++++ Data provided ++++

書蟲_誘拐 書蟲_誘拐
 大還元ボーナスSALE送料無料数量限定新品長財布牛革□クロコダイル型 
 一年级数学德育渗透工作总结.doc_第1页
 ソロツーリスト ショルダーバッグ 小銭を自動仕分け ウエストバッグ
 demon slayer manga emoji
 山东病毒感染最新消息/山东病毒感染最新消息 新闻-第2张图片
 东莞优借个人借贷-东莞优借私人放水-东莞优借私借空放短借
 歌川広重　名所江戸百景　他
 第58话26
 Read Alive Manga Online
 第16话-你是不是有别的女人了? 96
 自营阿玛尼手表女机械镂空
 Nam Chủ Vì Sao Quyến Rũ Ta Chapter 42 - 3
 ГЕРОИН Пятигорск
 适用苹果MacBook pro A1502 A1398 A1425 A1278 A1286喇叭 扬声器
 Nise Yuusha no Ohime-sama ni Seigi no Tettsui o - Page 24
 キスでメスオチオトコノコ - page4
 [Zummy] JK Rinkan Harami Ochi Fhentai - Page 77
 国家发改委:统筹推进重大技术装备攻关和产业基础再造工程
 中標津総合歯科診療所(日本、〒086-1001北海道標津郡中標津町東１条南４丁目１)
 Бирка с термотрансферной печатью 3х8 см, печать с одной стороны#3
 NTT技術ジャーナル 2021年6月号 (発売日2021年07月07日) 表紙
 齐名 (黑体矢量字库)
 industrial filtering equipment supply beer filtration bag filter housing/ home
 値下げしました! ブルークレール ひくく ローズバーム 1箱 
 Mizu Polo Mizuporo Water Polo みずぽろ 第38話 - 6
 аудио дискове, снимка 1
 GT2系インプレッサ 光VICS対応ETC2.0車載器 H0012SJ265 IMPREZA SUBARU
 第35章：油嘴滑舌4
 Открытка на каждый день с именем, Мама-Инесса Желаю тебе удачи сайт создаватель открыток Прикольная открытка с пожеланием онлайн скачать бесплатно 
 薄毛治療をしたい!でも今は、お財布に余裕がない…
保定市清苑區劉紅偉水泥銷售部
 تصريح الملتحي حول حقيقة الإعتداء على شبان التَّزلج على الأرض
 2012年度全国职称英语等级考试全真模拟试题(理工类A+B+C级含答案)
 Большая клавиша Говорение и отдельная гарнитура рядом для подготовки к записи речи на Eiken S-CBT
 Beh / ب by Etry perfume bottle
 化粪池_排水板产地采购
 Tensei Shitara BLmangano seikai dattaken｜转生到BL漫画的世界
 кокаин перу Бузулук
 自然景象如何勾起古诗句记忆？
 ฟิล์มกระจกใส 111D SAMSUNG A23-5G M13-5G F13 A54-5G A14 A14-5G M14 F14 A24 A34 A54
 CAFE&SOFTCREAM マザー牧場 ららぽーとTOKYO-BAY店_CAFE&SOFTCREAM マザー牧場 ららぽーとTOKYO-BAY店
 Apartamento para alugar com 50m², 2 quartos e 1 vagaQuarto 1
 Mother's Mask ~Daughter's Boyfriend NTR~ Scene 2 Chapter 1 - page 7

++++

Task directions: Would you return all of the data exactly as given?

Output for this task:
書蟲_誘拐 書蟲_誘拐
 大還元ボーナスSALE送料無料数量限定新品長財布牛革□クロコダイル型 
 一年级数学德育渗透工作总结.doc_第1页
 ソロツーリスト ショルダーバッグ 小銭を自動仕分け ウエストバッグ
 demon slayer manga emoji
 山东病毒感染最新消息/山东病毒感染最新消息 新闻-第2张图片
 东莞优借个人借贷-东莞优借私人放水-东莞优借私借空放短借
 歌川広重　名所江戸百景　他
 第58话26
 Read Alive Manga Online
 第16话-你是不是有别的女人了? 96
 自营阿玛尼手表女机械镂空
 Nam Chủ Vì Sao Quyến Rũ Ta Chapter 42 - 3
 ГЕРОИН Пятигорск
 适用苹果MacBook pro A1502 A1398 A1425 A1278 A1286喇叭 扬声器
 Nise Yuusha no Ohime-sama ni Seigi no Tettsui o - Page 24
 キスでメスオチオトコノコ - page4
 [Zummy] JK Rinkan Harami Ochi Fhentai - Page 77
 国家发改委:统筹推进重大技术装备攻关和产业基础再造工程
 中標津総合歯科診療所(日本、〒086-1001北海道標津郡中標津町東１条南４丁目１)
 Бирка с термотрансферной печатью 3х8 см, печать с одной стороны#3
 NTT技術ジャーナル 2021年6月号 (発売日2021年07月07日) 表紙
 齐名 (黑体矢量字库)
 industrial filtering equipment supply beer filtration bag filter housing/ home
 値下げしました! ブルークレール ひくく ローズバーム 1箱 
 Mizu Polo Mizuporo Water Polo みずぽろ 第38話 - 6
 аудио дискове, снимка 1
 GT2系インプレッサ 光VICS対応ETC2.0車載器 H0012SJ265 IMPREZA SUBARU
 第35章：油嘴滑舌4
 Открытка на каждый день с именем, Мама-Инесса Желаю тебе удачи сайт создаватель открыток Прикольная открытка с пожеланием онлайн скачать бесплатно 
 薄毛治療をしたい!でも今は、お財布に余裕がない…
保定市清苑區劉紅偉水泥銷售部
 تصريح الملتحي حول حقيقة الإعتداء على شبان التَّزلج على الأرض
 2012年度全国职称英语等级考试全真模拟试题(理工类A+B+C级含答案)
 Большая клавиша Говорение и отдельная гарнитура рядом для подготовки к записи речи на Eiken S-CBT
 Beh / ب by Etry perfume bottle
 化粪池_排水板产地采购
 Tensei Shitara BLmangano seikai dattaken｜转生到BL漫画的世界
 кокаин перу Бузулук
 自然景象如何勾起古诗句记忆？
 ฟิล์มกระจกใส 111D SAMSUNG A23-5G M13-5G F13 A54-5G A14 A14-5G M14 F14 A24 A34 A54
 CAFE&SOFTCREAM マザー牧場 ららぽーとTOKYO-BAY店_CAFE&SOFTCREAM マザー牧場 ららぽーとTOKYO-BAY店
 Apartamento para alugar com 50m², 2 quartos e 1 vagaQuarto 1
 Mother's Mask ~Daughter's Boyfriend NTR~ Scene 2 Chapter 1 - page 7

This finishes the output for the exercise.